Cela dit, monsieur le sénateur, je veux aller dans votre sens en affirmant que nous devons, en France, travailler à sortir de la culture de la médiation familiale en la matière, afin d’assurer, comme vous le souhaitez, une meilleure protection des enfants face à un parent qui serait dangereux.

Les juridictions se sont d’ores et déjà saisies des dispositions législatives que j’ai évoquées : le nombre de décisions de retrait de l’autorité parentale a considérablement augmenté, passant de 9 décisions en 2017 à 389 depuis le début de l’année 2021 ; on voit donc bien que le travail conjoint des associations, des parlementaires et du Gouvernement a porté ses fruits.

M. le président. Il faut conclure, madame la ministre déléguée.

Mme Marlène Schiappa, ministre déléguée. Enfin, un décret a été publié cette année, afin de compléter et de renforcer ces dispositions et de toujours mieux protéger les enfants contre les violences intrafamiliales.

M. le président. La parole est à M. Jean-François Rapin, pour la réplique.
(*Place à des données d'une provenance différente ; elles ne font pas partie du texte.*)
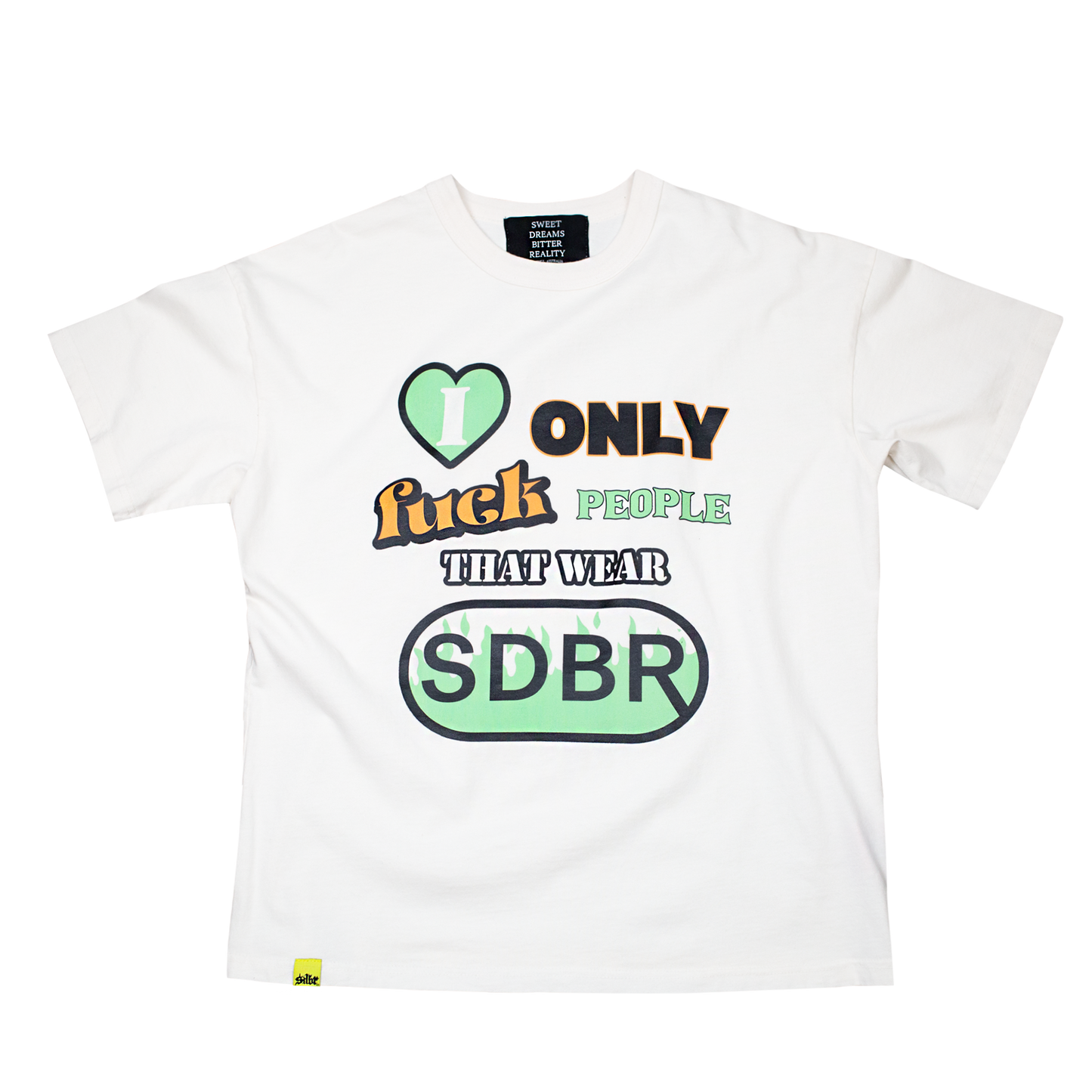 I Only FUck People Who Wear SDBR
M. Jean-François Rapin. Je vous remercie de votre réponse, madame la ministre. Je suis heureux que vous reconnaissiez que nous n’allons pas assez loin en la matière et que vous conveniez que les mesures de médiation ne sont pas forcément la panacée. Je vous remercie de permettre à la législation d’évoluer.

Note de P@ternet
  1. Nous n’avons pas trouvé trace de cette loi du 2 juin 2021. La suspension automatique du droit de visite est par contre prévue dans la loi organique 8/2021 du 4 juin 2021.